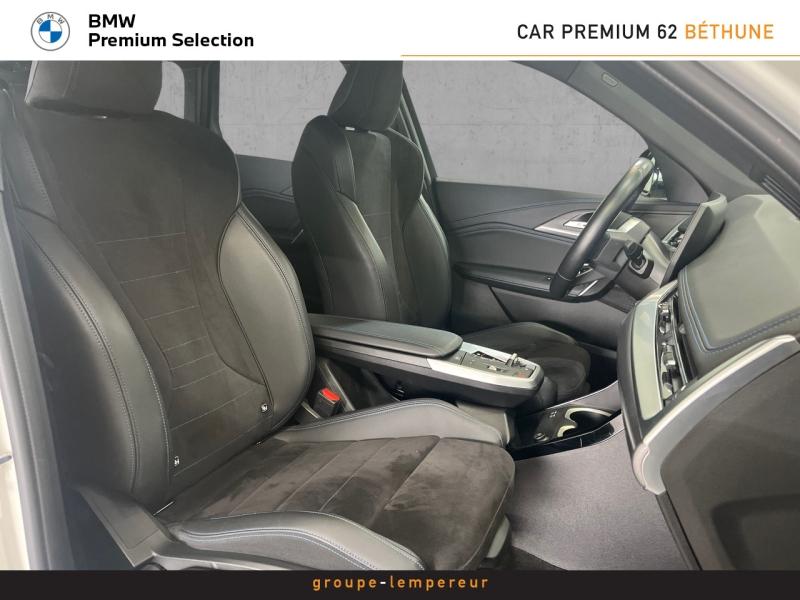 Image BMW X1 ieDrive20 204ch M Sport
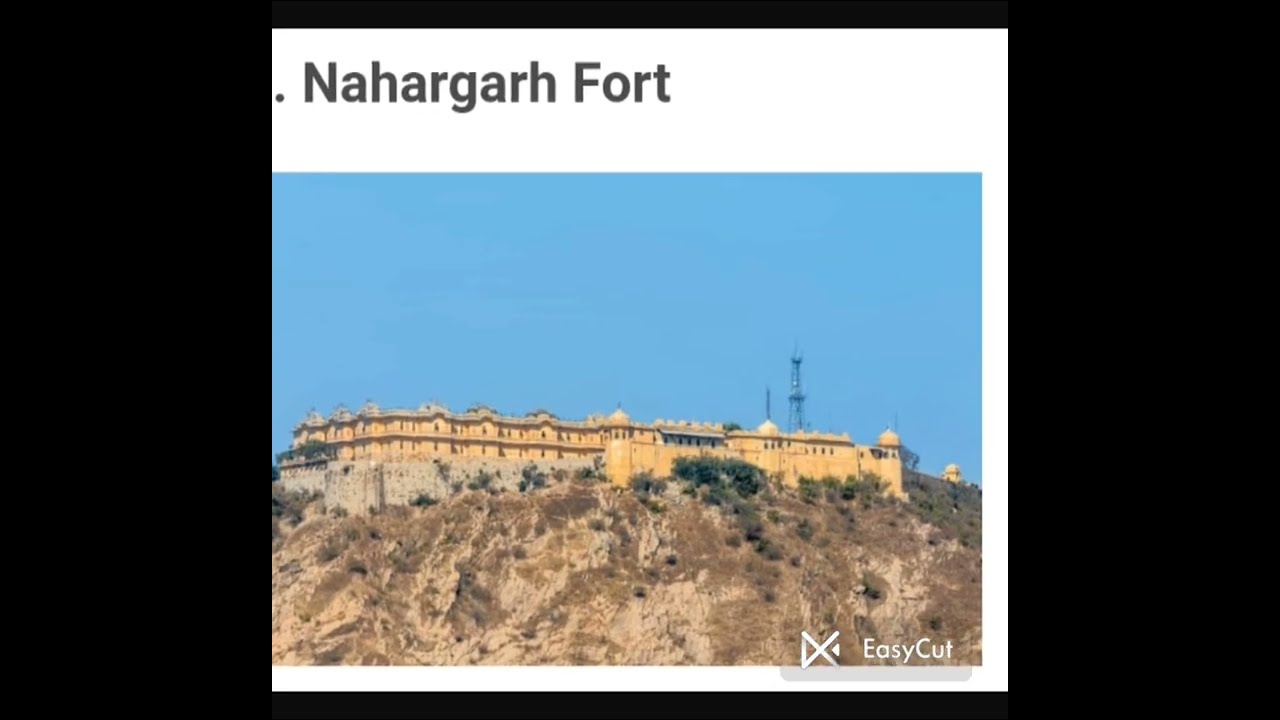 Horror places in Jaipur ( Rajasthan)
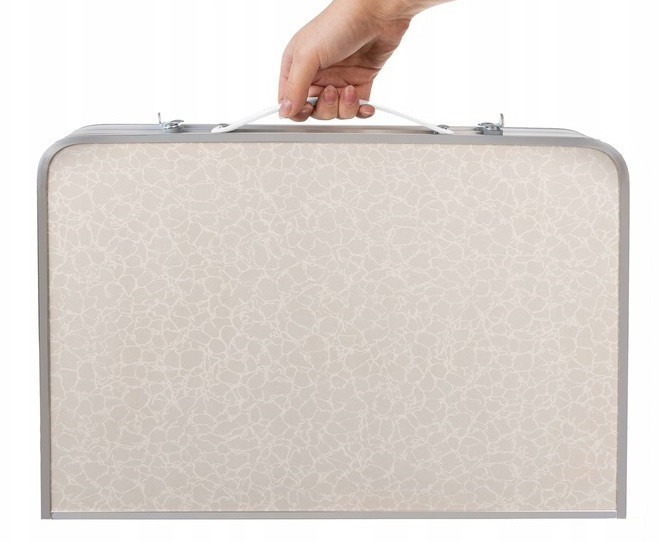 Туристичний стіл кемпінговий складаний до 15 кг 60х40 см Trizand (23428) Нововолинськ - фото 5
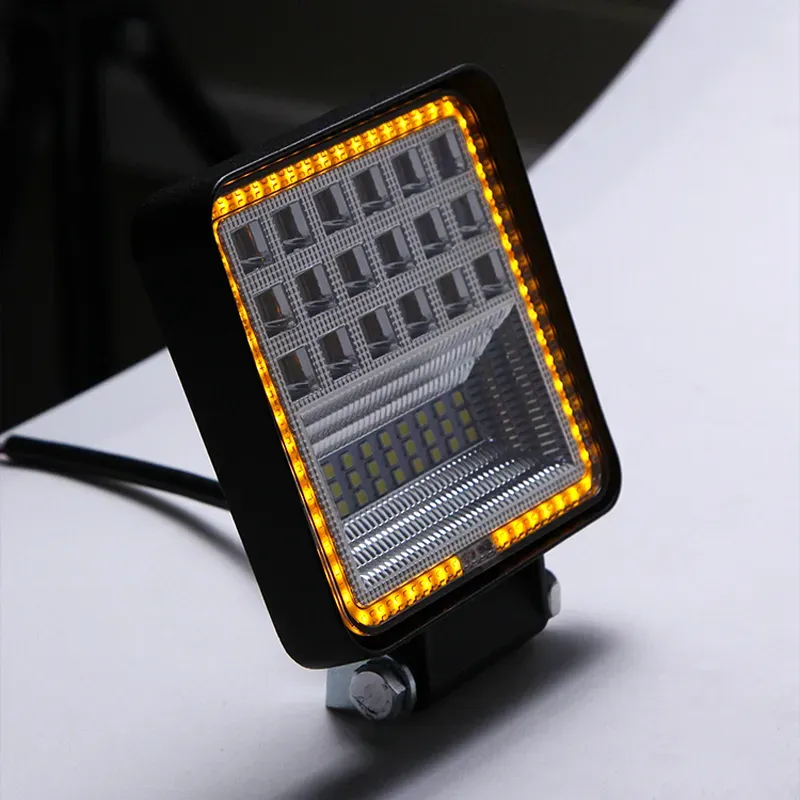 ADAMANTA 411 faretto LED da lavoro 160W 6480 lumen IP67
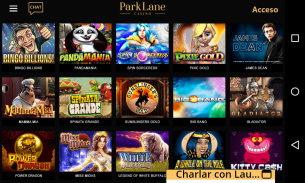 Parklane Casino screenshot 8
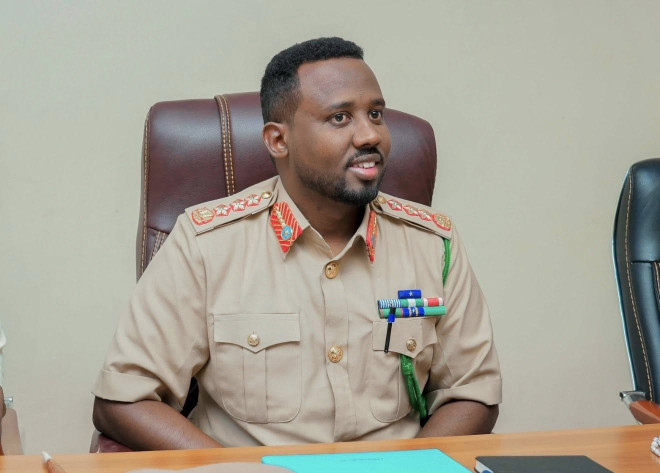 Somali Danab commandos kill 14 al-Shabab fighters in Lower Shabelle region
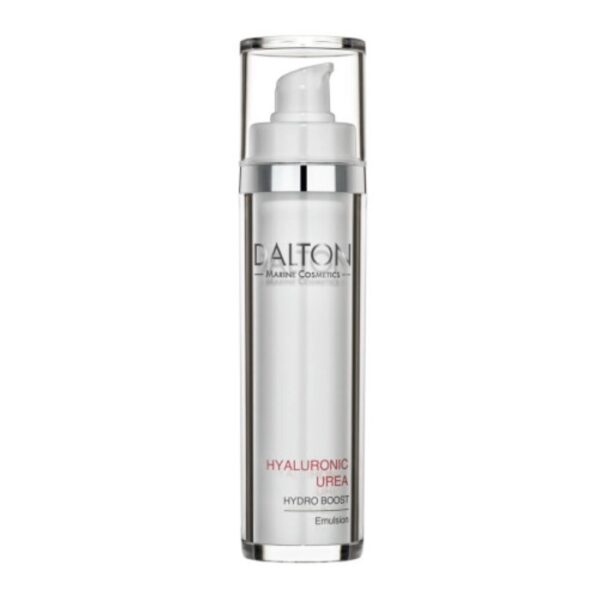DALTON Hyaluronic Urea,антивіковий зволожуючий крем легка текстура 50 мл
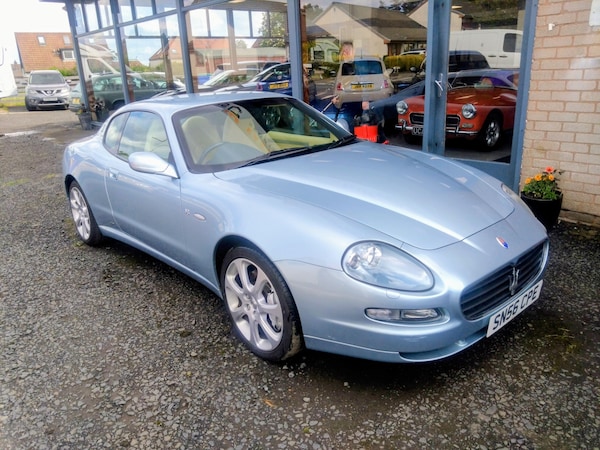 Used Maserati Coupe 2006 for sale - 74911866: Photo 4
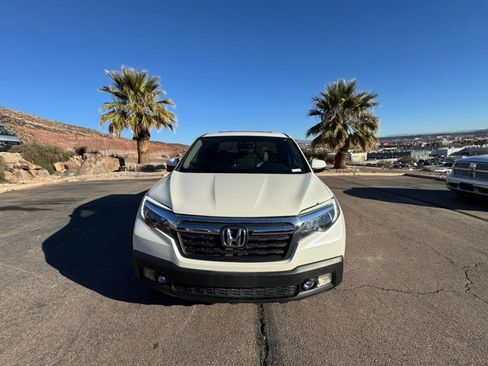 Used 2019 Honda Ridgeline RTL-T image 8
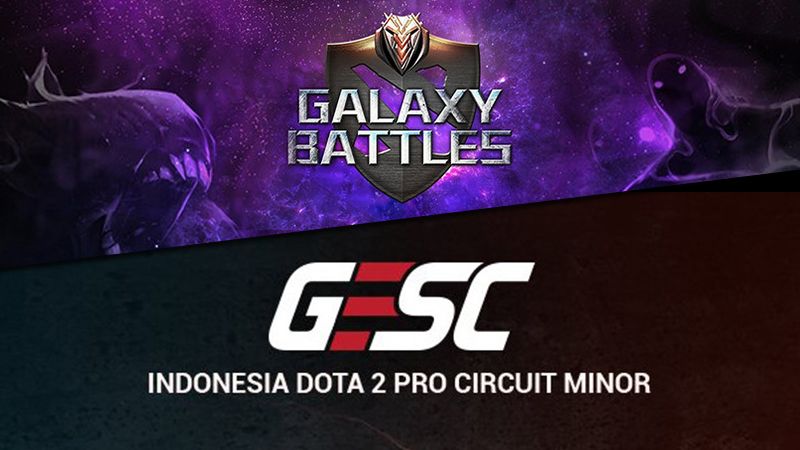 Menyaring Pesaing di Galaxy Battles dan GESC E-Series Jakarta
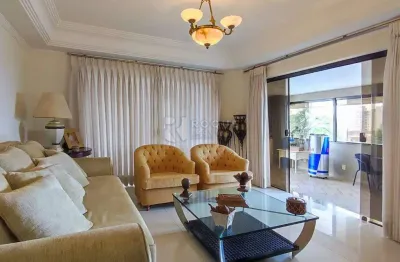 Apartamento com 4 quartos à venda no Centro, Limeira 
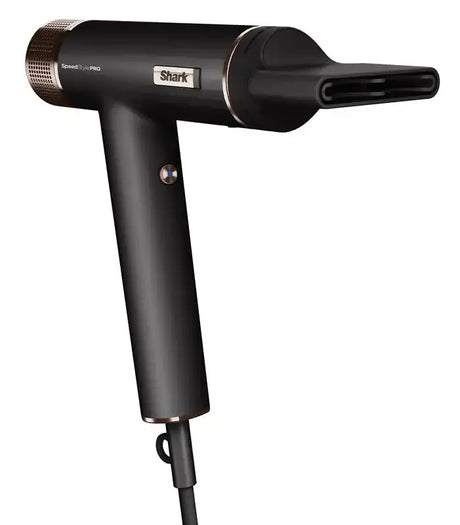 Shark SpeedStyle Pro HD731EU, Multistyler, Warm, Lockiges Haar, Glattes Haar, 110 °C, Schwarz Shark- Handy24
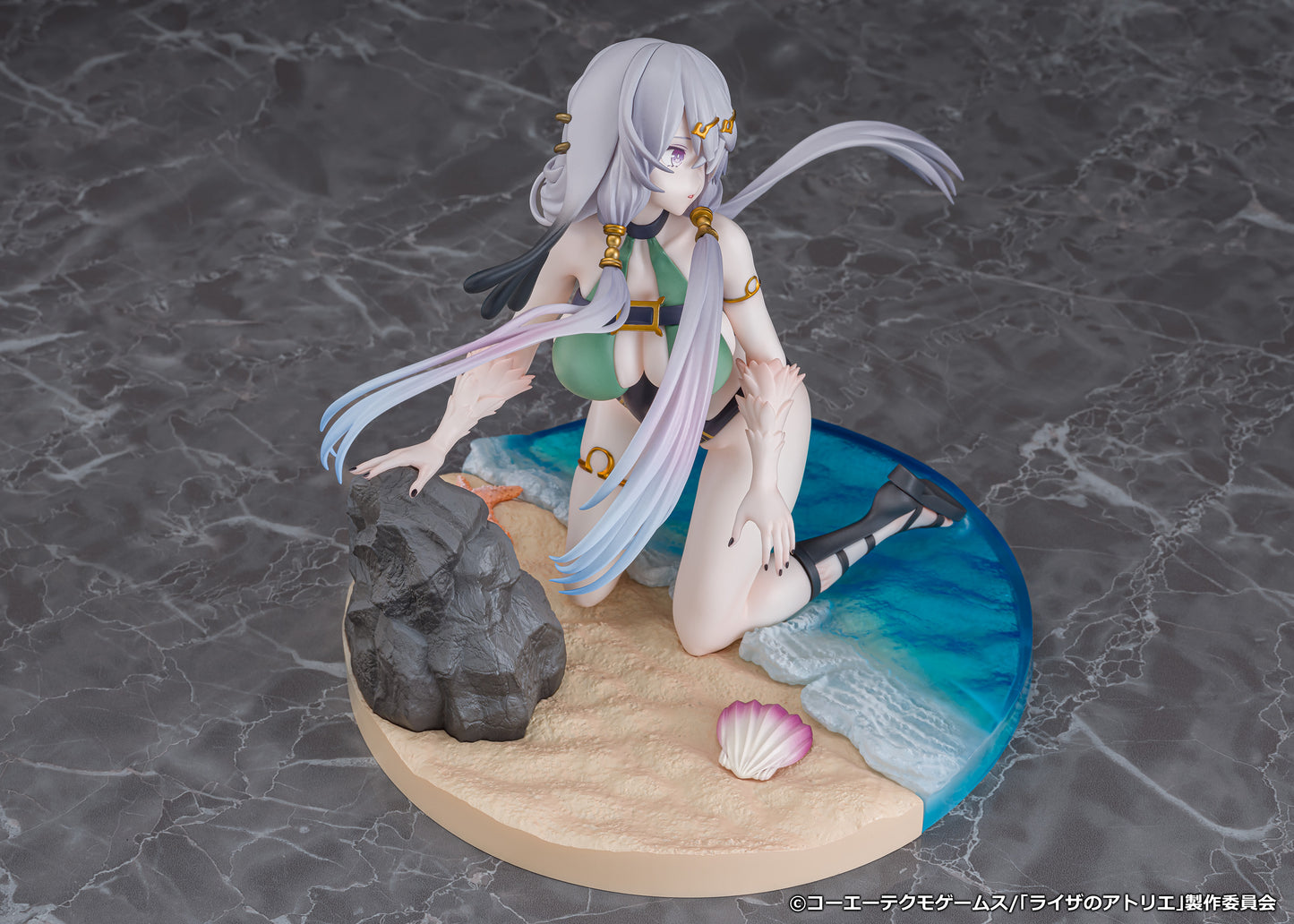 PRE ORDER – 1/7 TV ANIME ATELIER RYZA: EVER DARKNESS & THE SECRET HIDEOUT – LILA DECYRUS SWIMSUIT VER.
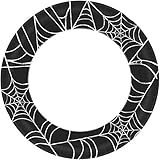 Spider Web Dinner Plates, 10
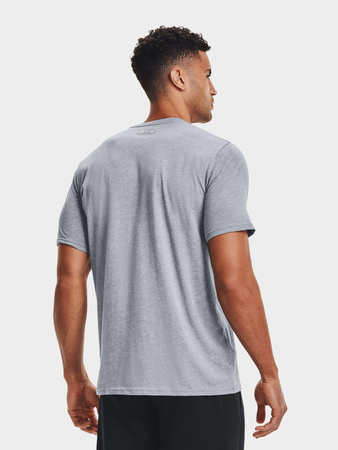 Koszulka męska BOXED SPORTSTYLE SS UNDER ARMOUR 1329581-035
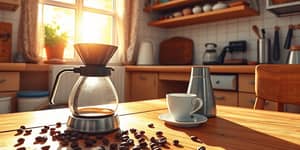 El Poder del Café Hecho en Casa: Ahorra Sin Esfuerzo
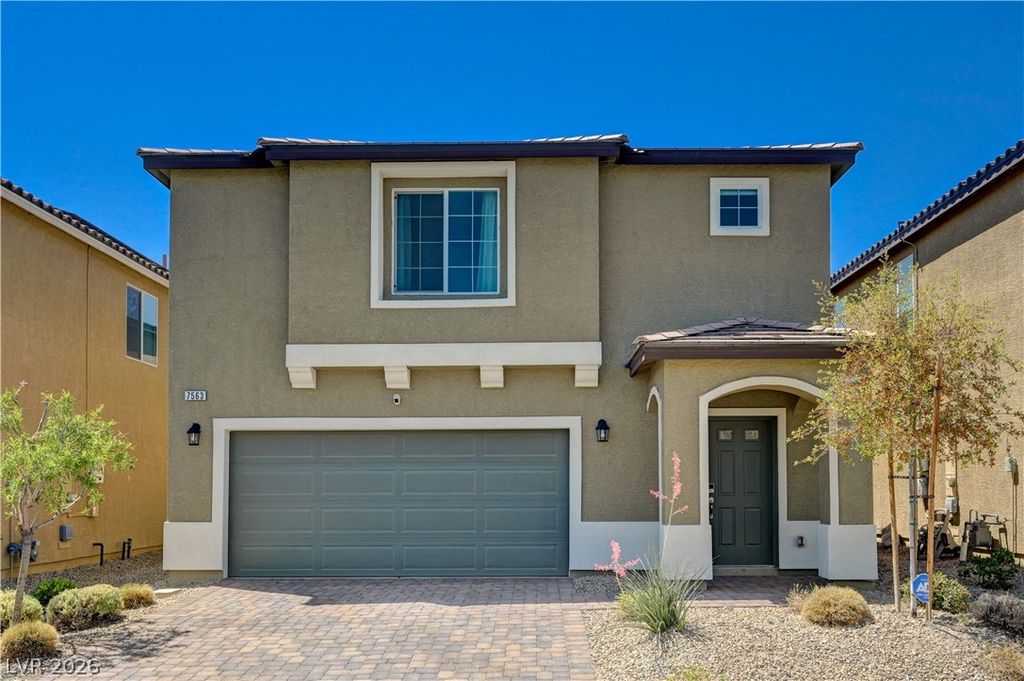 7563 Dragonfruit Avenue, Las Vegas, NV 89113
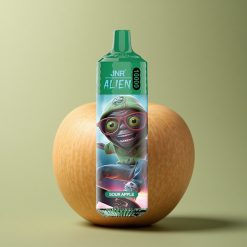 JNR Alien 10000 Pomme Acidulée 850mAh 20ml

+++

> **REQUIRED WORK**: Above, find the line with "Shark SpeedStyle Pro"; copy it and every line down to the line with "Koszulka męska BOXED", exactly and both included, but no pictures.

> **EXERCISE OUTPUT**:
 Shark SpeedStyle Pro HD731EU, Multistyler, Warm, Lockiges Haar, Glattes Haar, 110 °C, Schwarz Shark- Handy24
 PRE ORDER – 1/7 TV ANIME ATELIER RYZA: EVER DARKNESS & THE SECRET HIDEOUT – LILA DECYRUS SWIMSUIT VER.
 Spider Web Dinner Plates, 10
 Koszulka męska BOXED SPORTSTYLE SS UNDER ARMOUR 1329581-035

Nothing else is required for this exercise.